A cantiga “Grândola, Vila Morena” foi escrita por José Afonso (Zeca) e editada em 1971 no álbum “Cantigas de Maio” do mesmo autor, que contava com a direcção musical de José Mário Branco. Para além de muito bonita, com uma letra poderosa, como são todas as letras de Zeca, esta música tem ainda um significado muito especial. Foi usada pelo MFA como 2.ª senha de sinalização da revolução de Abril de 1974. Era, por isso, a confirmação de que a revolução estava em marcha. É um símbolo muito importante que merece ser tratado com carinho e muito cuidado.
A democracia e a liberdade, de que a cantiga “Grândola, Vila Morena” é um símbolo, não são coisas garantidas nem perenes. Podem desaparecer, pelo que precisam de ser cuidadas, educadas e tratadas com muito atenção e dedicação. Não podem ser pura e simplesmente usadas, assim como a cantiga.
Vejo e leio o que se vai passando pelo país, com apupos, cantigas e amuos, e lembro-me de uma frase que li algures: “É preciso muita coragem para ser diferente e muita competência para fazer a diferença”.

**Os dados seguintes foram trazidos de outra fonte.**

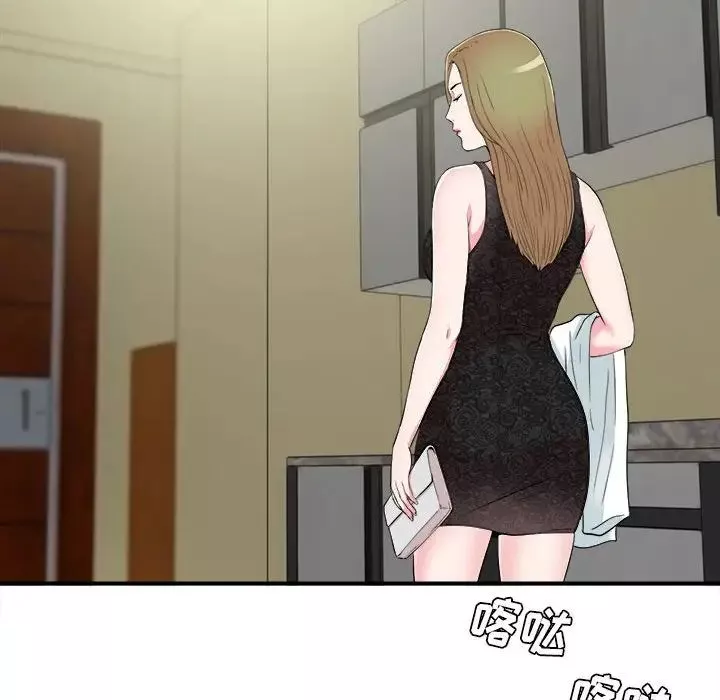 密友-第74话 - 图片 57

Três ideias-chave que não vejo em nenhum dos lados da barricada: coragem, competência e diferença. Mas estas ideias estão bem marcadas na cantiga do Zeca Afonso, que as tratou sem nunca usar as respectivas palavras. Uma cantiga que apela a uma atitude nobre e séria (de missão) na gestão da coisa pública. Uma cantiga que dá corpo a um povo que está farto de enganos e de comprar gato quando pediu lebre. Está farto de ver os seus interesses, como cidadãos e contribuintes, sempre em último plano. Está farto de ver os contractos geracionais a serem sistematicamente rasgados, sem uma explicação, sem uma palavra. Está farto de ver, aparentemente sem capacidade de reacção, Portugal a morrer. No fundo um povo que vive angustiado por ver um sonho ruir. Um sonho que renasceu numa maravilhosa manhã de Abril de 1974, onde de novo uma nação descobriu que era capaz e se podia unir.

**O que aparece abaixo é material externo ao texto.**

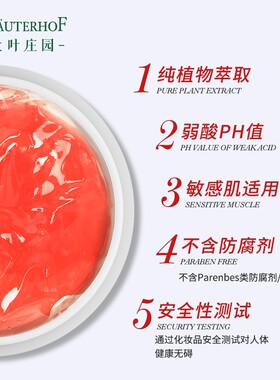 KRAUTERHOF德国马膏进口原装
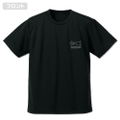 Ultraman Scientific Special Search Party Dry T-shirt Black (L Size) thumbnail 2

Aquilo que vejo, ouço e leio aponta para um caminho que levará a mais um MONUMENTAL ENGANO. Nada mudará, porque nada foi feito para isso. Será tudo um pouco mais do mesmo. Mais da mesma irresponsabilidade. Mais do mesmo comportamento ligeiro e impreparado. Mais da mesma ausência de compromisso e de respeito pela palavra dada. Mais das mesmas promessas irrealistas, feitas por quem não faz a mínima ideia do que deve ser feito. Mais da mesma incapacidade de olhar as pessoas nos olhos e dizer-lhes o que está certo, que vai ser muito complicado mas nós somos capazes, EM CONJUNTO, de mudar este país para algo de decente. Sem excepções. Sem tudo para alguns e nada para todos os outros. Sem justiça. Sem preocupação social. Sem moral cívica responsável. Sem uma ideia para Portugal, um país rico, com capacidades imensas e que pode ser, se quiser, um local de eleição nessa Europa sem valores, sem princípios e sem coesão. MUDAR, só se faz com uma ideia, um plano, compromisso e mobilização. E isso exige debate franco e aberto. Sem isso não há mudança verdadeira desse nome. Quanto muito há boas intenções mas sem sustentabilidade, e que no final serão inexoravelmente enganos e desilusões. Aparentemente, ENGANAR é fácil. Só conheço uma receita que é de certeza eficaz contra os enganos: ver, ler, ouvir, debater (e até cantar) e… PENSAR PELA PRÓPRIA CABEÇA. Por favor não PRESCINDAM DISSO. É isso que diz a fabulosa cantiga de Zeca Afonso.